I learned the hard way how you and cab operate,and i wont be pulled in to be dissected, so if you feel you cant answer a simple question,which im sure you and most know what it is about,then so be it,keep avoiding it with your games,i think we can all draw our own conclusions this way


----------



## col (3 Sep 2008)

> Not dancing around anything. I thought I'd made it perfectly clear where I'm coming from.
> 
> I asked you to define what you see to be 'winding up'. I also asked you to consider what actually happened and the motives behind it.
> 
> ...



you caught me out there with your edit

Ill ask once more then i wont ask again,as your starting your offshoot games and avoiding answering anyway,so here you go one last time.

Winding someone up to react is right or wrong?


----------



## Cab (3 Sep 2008)

col said:


> I learned the hard way how you and cab operate,and i wont be pulled in to be dissected,



Heaven forbid you be distracted by something as meaningless as a defined, meaningful question rather than a vague loaded one (did you stop beating your wife).
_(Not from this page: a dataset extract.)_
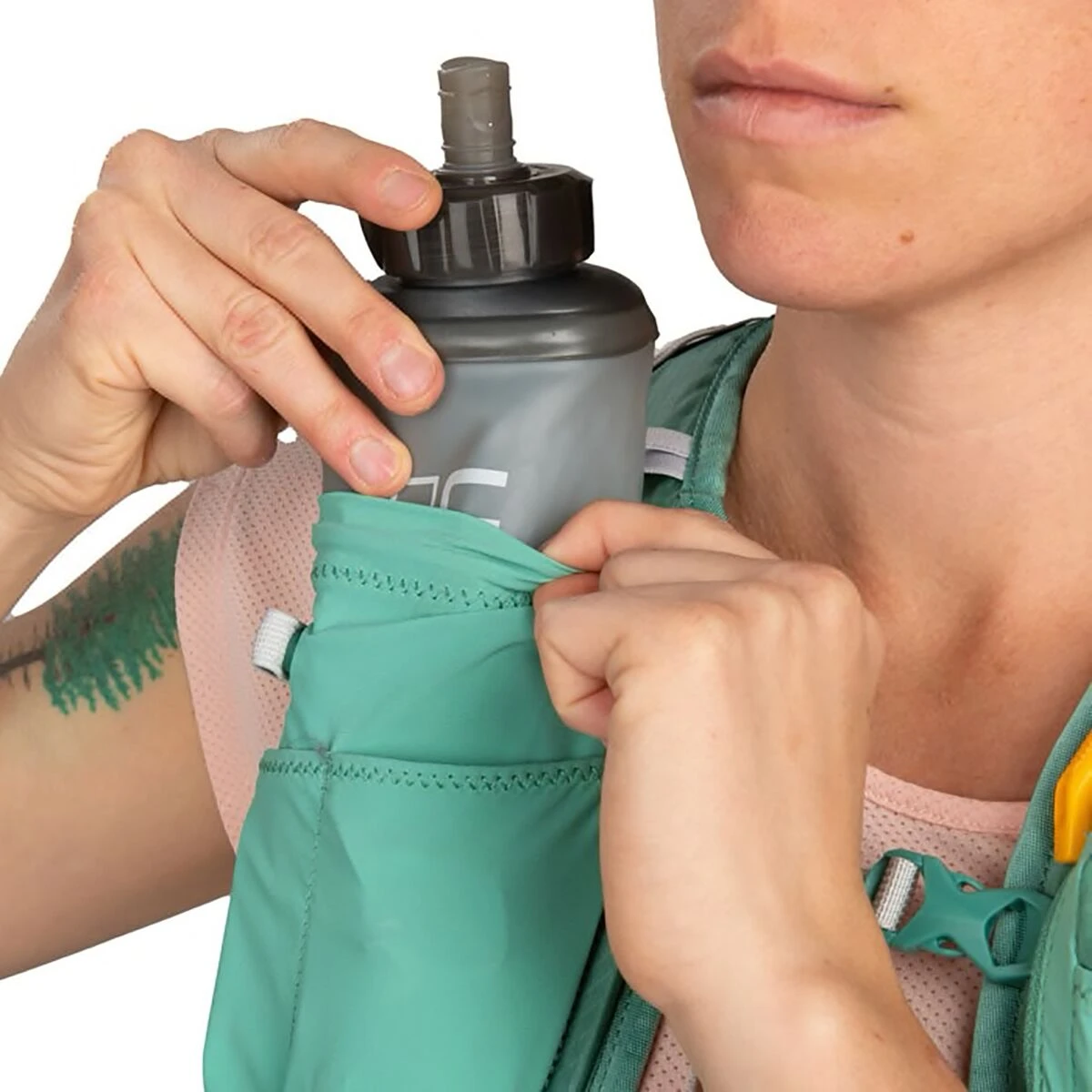 Ultimate Direction FastpackHer 20L Backpack - Women's 5 Ultimate Direction FastpackHer 20L Backpack - Women's - Image 3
> so if you feel you cant answer a simple question,which im sure you and most know what it is about,then so be it,keep avoiding it with your games,i think we can all draw our own conclusions this way



Yes, I'm afraid (for your sake) that we all can.


----------



## col (3 Sep 2008)

> It's not a competition. And you're still funny. Anything other than the answer you want is diversion.
> 
> Put it into context. Which winding up are you talking about?
> 
> ...





Cab said:


> Heaven forbid you be distracted by something as meaningless as a defined, meaningful question rather than a vague loaded one (did you stop beating your wife).
> 
> 
> Still alive here
> ...




 Ok ill humour you a little longer,your both twisting it round,trying to say i have to answer before you have the ability to answer,ok here it is in even simpler form.
Winding up to get a reaction of anger,right or wrong.?


----------



## col (3 Sep 2008)

> Col, let's clear this up then, seeing as you don't seem to grasp how debate goes.
> 
> Are you talking about the first actions of the cyclist? If you are, the pre-question is whether this is considered to be winding up.
> 
> ...



Even simpler format for you

winding up to anger by a cyclist in the first instance,right or wrong?
You surely cant not understand now?


----------



## Cab (3 Sep 2008)

> edit: I really don't know why I'm making this effort with you, as I've already commented on both scenarios.



Because you want to give him further opportunity to make himself look comically inept in totally lacking in understanding of how to debate?


----------



## col (3 Sep 2008)

Cab said:


> Heaven forbid you be distracted by something as meaningless as a defined, meaningful question rather than a vague loaded one (did you stop beating your wife).
> 
> 
> 
> Yes, I'm afraid (for your sake) that we all can.



Glad you agree inearly fell off my chair there


----------



## col (3 Sep 2008)

Come on you two,get an answer in,i and a lot of others probably want this thread to end,but you keep pretending you dont understand the question,surely you can now?

winding up to anger by a cyclist in the first instance,right or wrong?
You surely cant not understand now


Iv just realised why your taking so long,your thinking of ways to dissect and question the question arnt you

Oh and did i mention,IM STILL ALIVE


----------



## col (3 Sep 2008)

> Been there, answered that col.
> 
> It seems you're telling off the OP for something he didn't do.
> 
> Now catch up.



I take it you still wont answer
dissapointing but expected
If your having trouble understanding,im sure someone might help you


----------



## col (3 Sep 2008)

> OK. If you insist.
> 
> Col, there was no deliberate winding up in the first instance in this thread.
> 
> Why are you asking an irrelevant question?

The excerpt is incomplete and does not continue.